John Maxwell Coetzee, a professor in the Committee on Social Thought and the esteemed author of several award-winning novels, received the Nobel Prize in literature yesterday.
Coetzee’s award increased the number of Nobel prizes given to members of the University community to 75. It also served as a reminder of the caliber of Chicago’s scholarship in the humanities—a field often overshadowed by the juggernaut economics department.
The award is one of many for Coetzee, 63, whose acid prose draws on his upbringing in the apartheid environment of South Africa. Many of his works develop torn characters, weaving them in, in some way, into the backdrop of South Africa and creating personal windows into the country’s painful past.
The result is a compelling, intense style of literature that has twice earned Coetzee Britain’s most prestigious literary award, the Booker Prize—in 1983 for Life and Times of Michael K and in 1999 for Disgrace. He is the only person to receive the award twice.
“He is a scrupulous doubter, ruthless in his criticism of the cruel rationalism and cosmetic morality of Western civilization,” the Swedish Academy said in its award citation. “Even when his own convictions emerge to view, he elucidates the premises on which they are based rather than argues.”
The citation also mentioned specifically Coetzee’s expression of the political through his writing. “A fundamental theme in Coetzee’s novels involves the values and conduct resulting from South Africa’s apartheid system, which, in his view, could arise anywhere,” the citation said.
From Cape Town to Chicago and writing in between
Coetzee was born in Cape Town in 1940, the son of a sheep farmer. After graduating from college, Coetzee left South Africa following the politically charged Sharpeville shootings. He briefly pursued a career in computer programming, working for IBM in England and then pursuing a Ph. D. from the University of Texas for computer-generated language.

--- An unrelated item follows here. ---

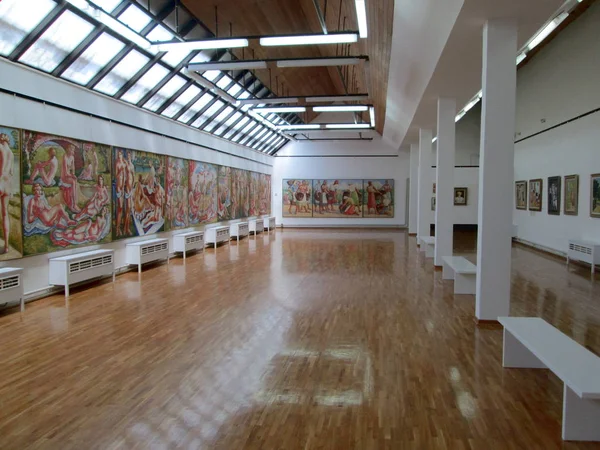 Sid, Sırbistan - 2 Mayıs: Sanat Galerisi Sava Sumanoviç, Sid Resim Sergisi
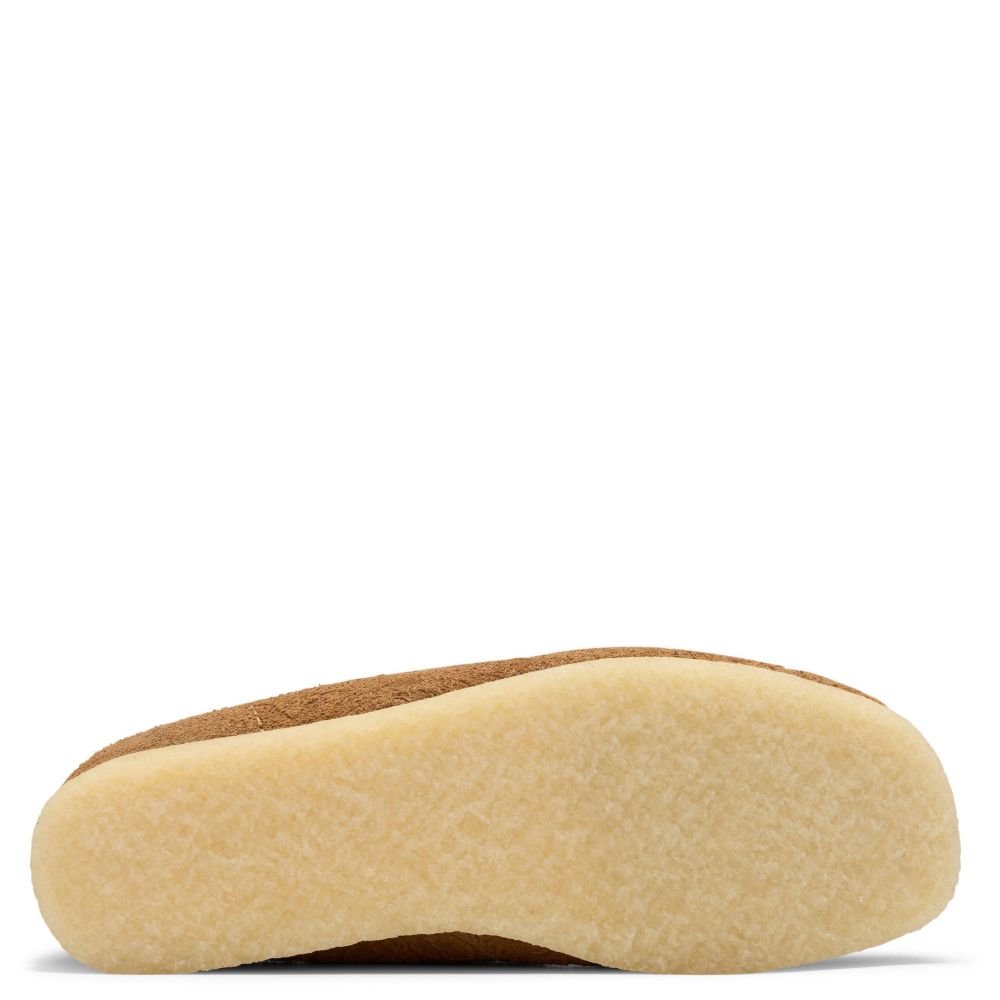 Clarks Men's Wallabee Boot in Light Tan Embossed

Coetzee began teaching English at the University of Texas and continued his career at the State University of New York at Buffalo.
In 1974, Coetzee published his first novel, Dusklands, the story of an American working on creating a campaign of psychological warfare during the Vietnam era, haunted by tales of the 18th century Boer explorations into Africa.
He returned to South Africa in 1983 to teach at the University of Cape Town. This was the same year that Coetzee won his first Booker prize, for Life and Times of Michael K. Overall, he has written eight books, as well as essays on topics ranging from rugby to censorship, spending his time teaching in South Africa and also at Johns Hopkins University and Harvard University before coming to Chicago in 1996. He was appointed as full professor in 2001.
During this time he published Disgrace, the novel chronicling the unraveling career of a South African professor in a new, post-apartheid era. “The novel deals with a question that is central to his works: Is it possible to evade history?” according to the citation.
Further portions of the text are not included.